→ Short web captions
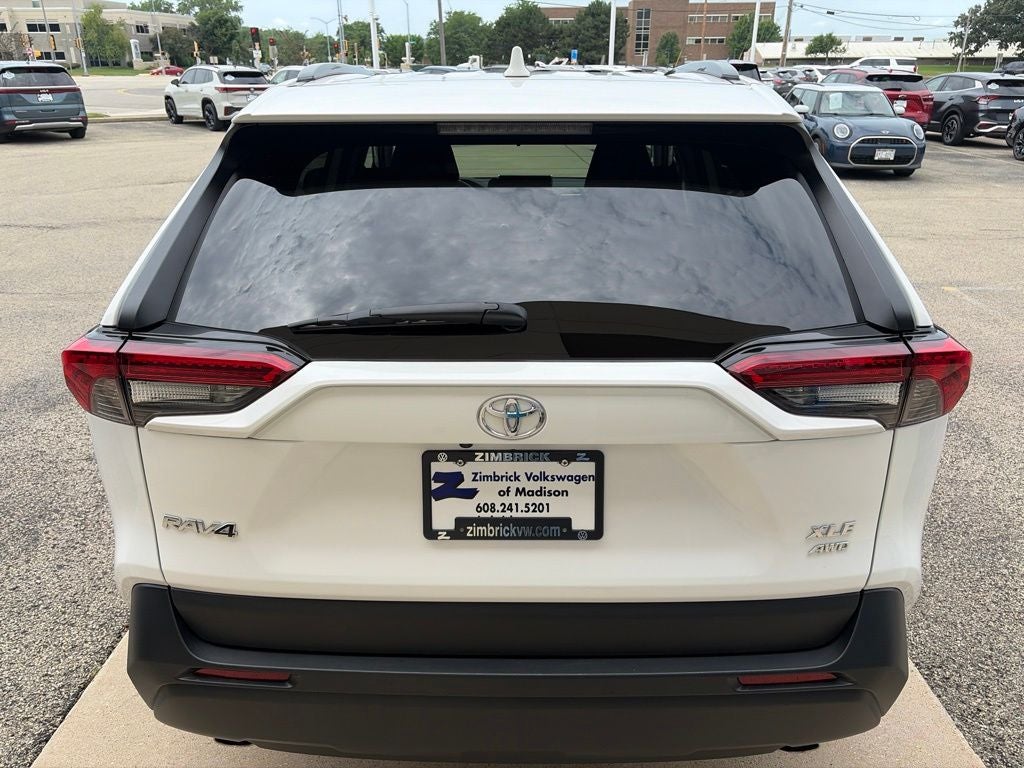 2025 Toyota RAV4 XLE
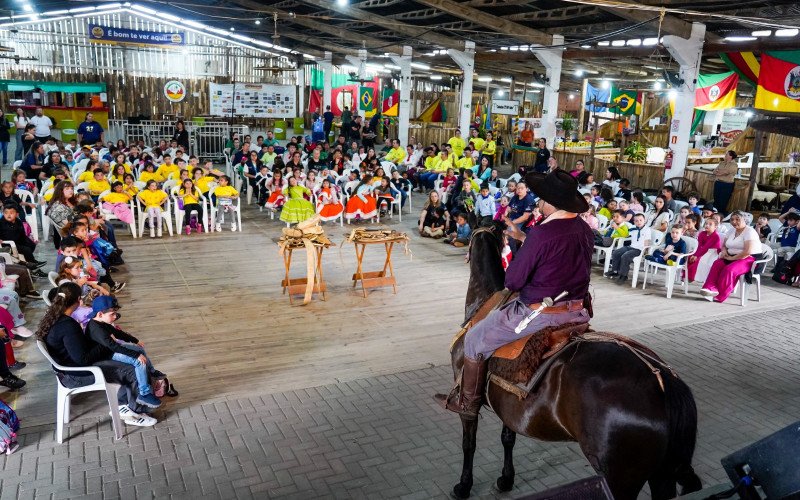 Momentos do primeiro dia de oficinas culturais nos Festejos Farroupilhas
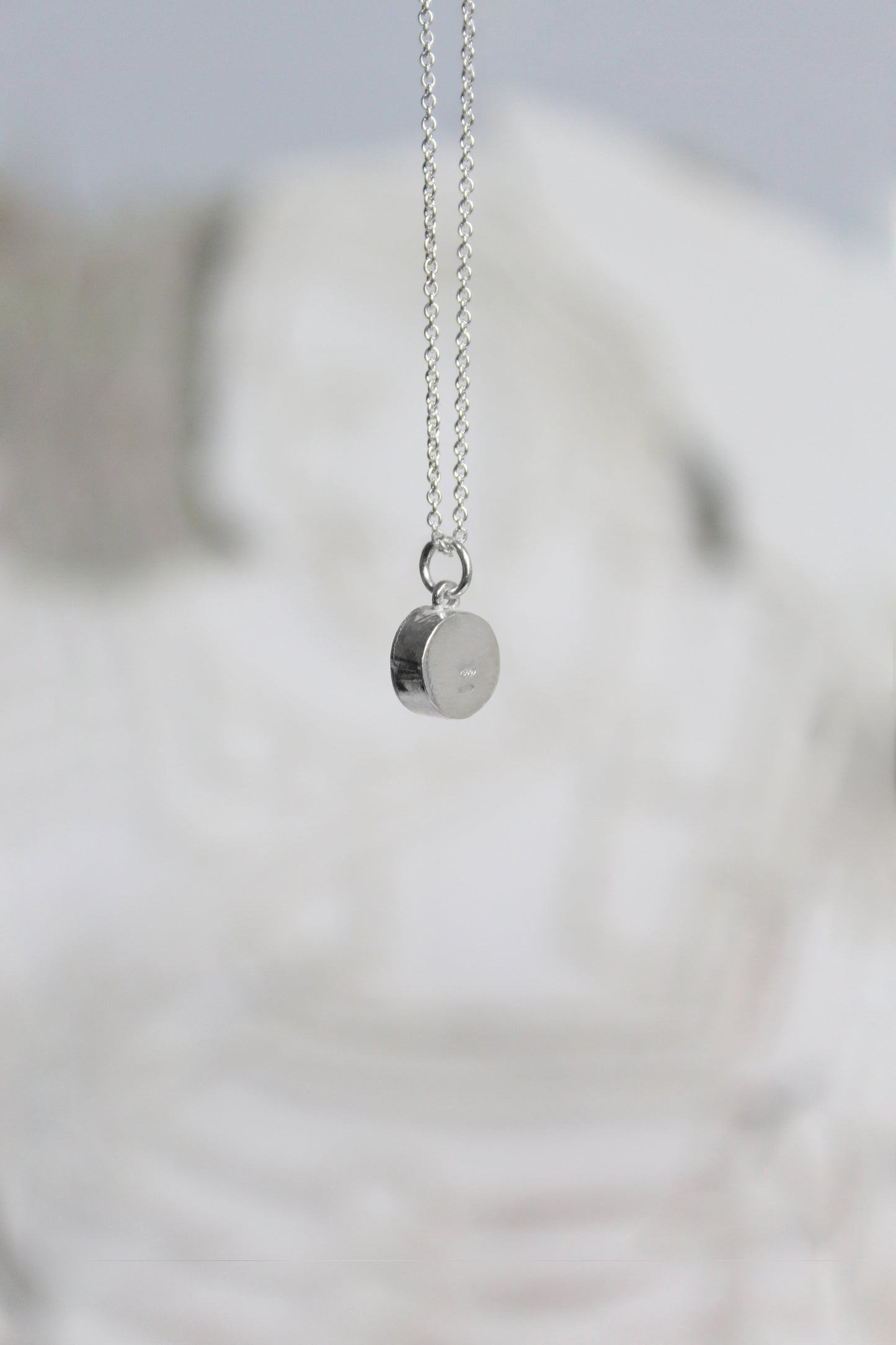 ROMA simple mini necklace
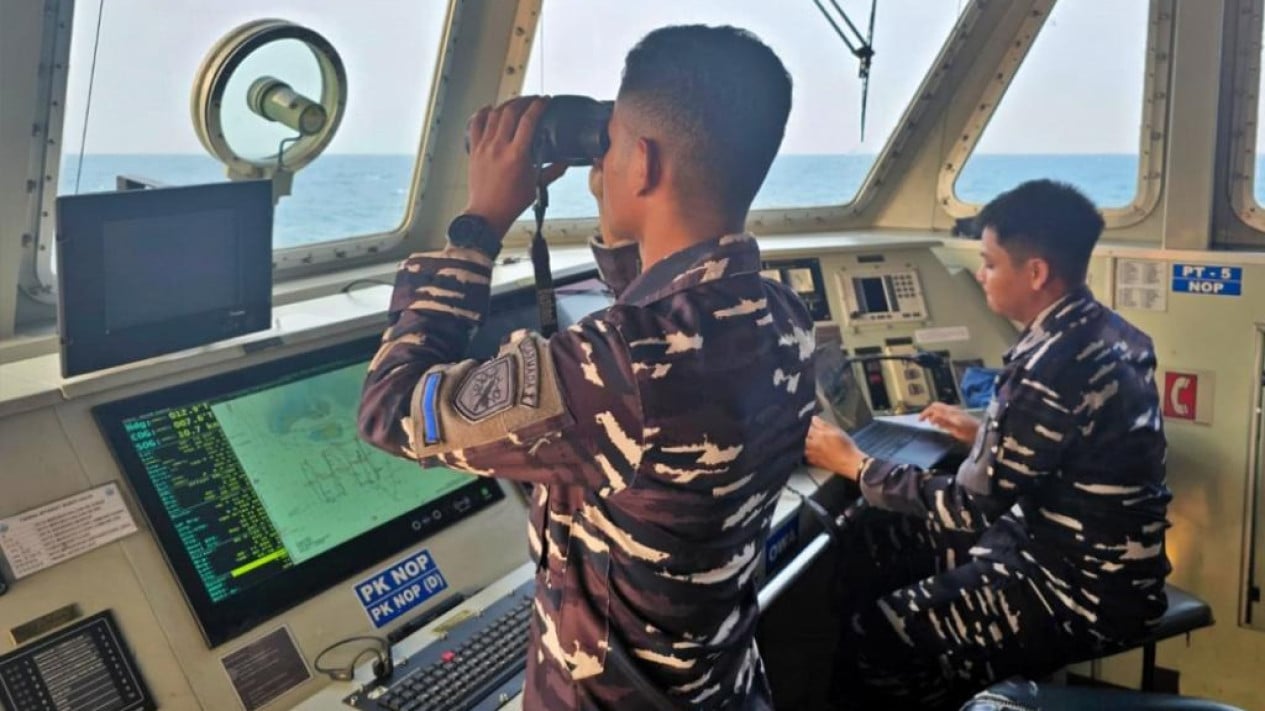 Prabowo Orders Navy to Sweep Sunda Strait for 5 Missing Journalists, 11 Ships Deployed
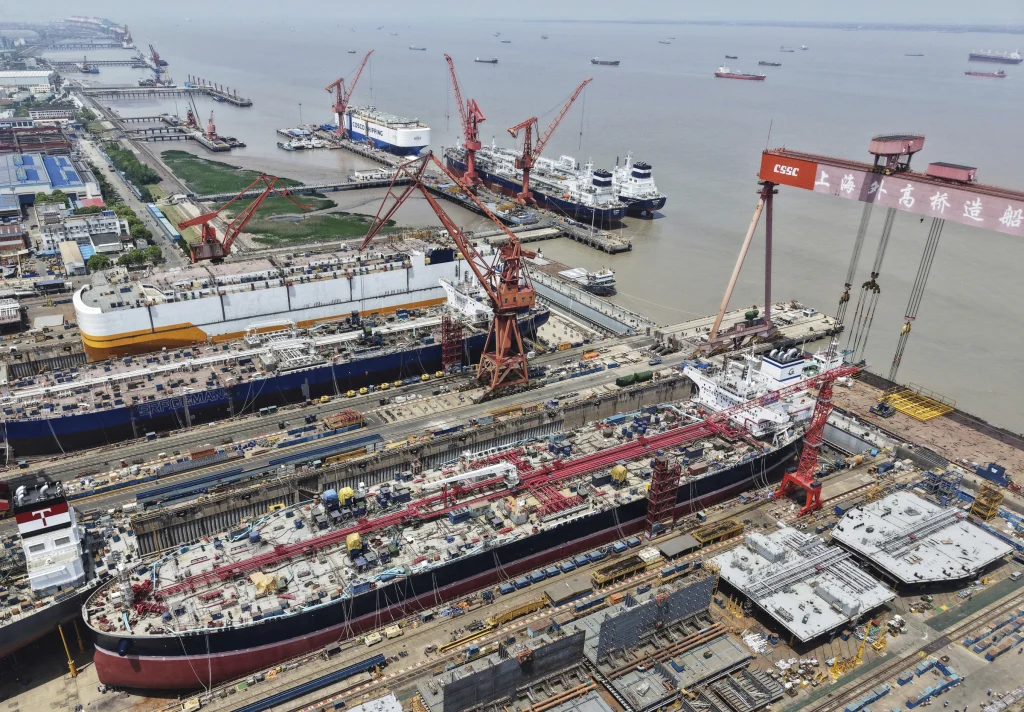 上海造船厂内正在建造的船只景象 上海造船厂内正在建造的船只景象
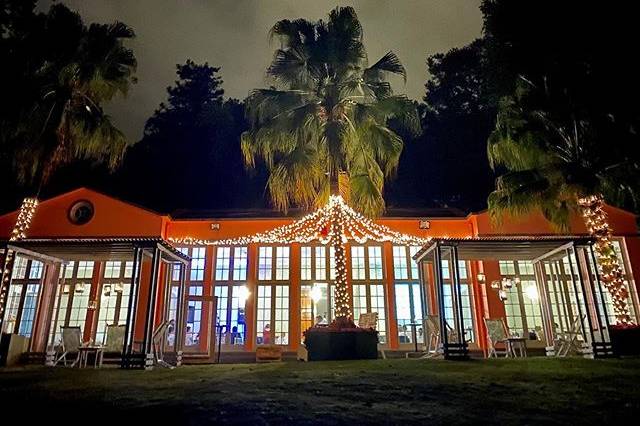 Estufa by night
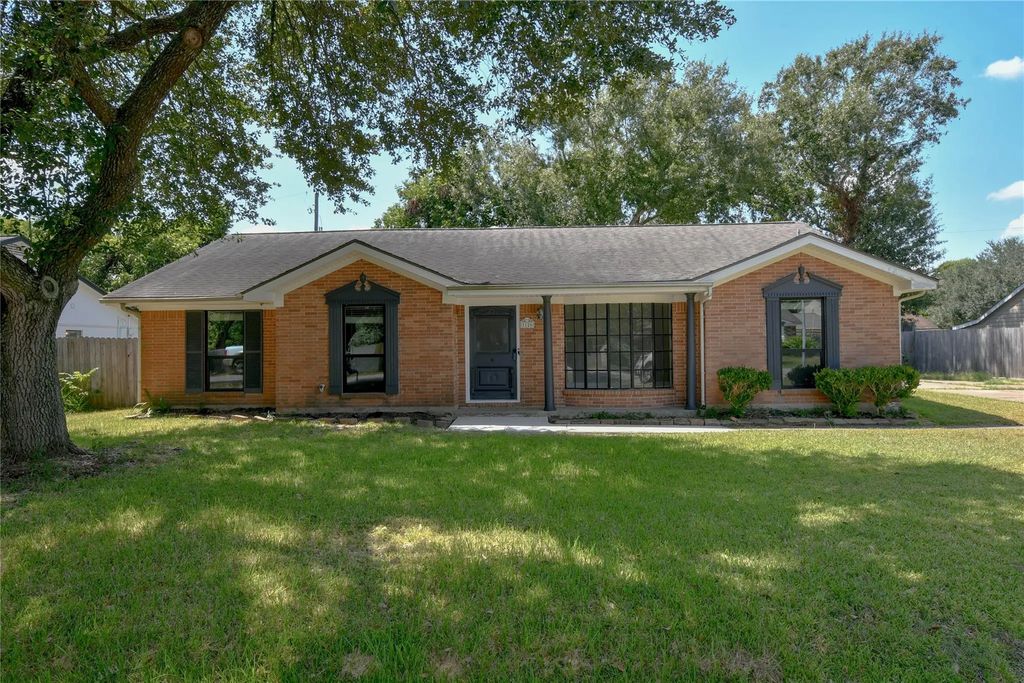 1126 Robert Street, Pearland
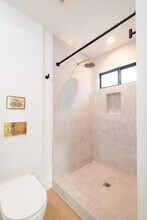 351 S Catalina St in Los Angeles, CA - Building Photo - Building Photo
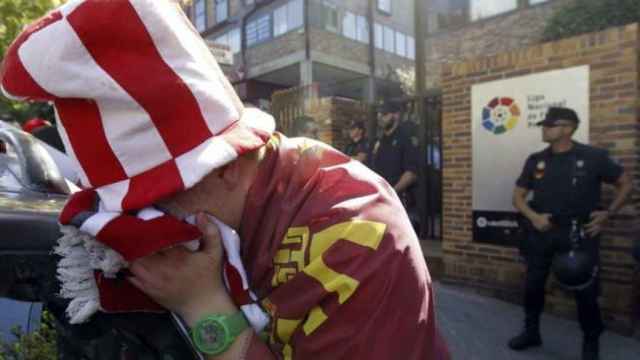 Un aficionado del Murcia llora en las puertas de la sede de LaLiga tras el descenso administrativo del club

→ Exercise
Take the lines from the one holding "上海造船厂内正在建造的船只景象 上海造船厂内正在建造的船只景象" through the last line of the data above and copy them exactly, both ends included, omitting all pictures.

→ Task solution
 上海造船厂内正在建造的船只景象 上海造船厂内正在建造的船只景象
 Estufa by night
 1126 Robert Street, Pearland
 351 S Catalina St in Los Angeles, CA - Building Photo - Building Photo
 Un aficionado del Murcia llora en las puertas de la sede de LaLiga tras el descenso administrativo del club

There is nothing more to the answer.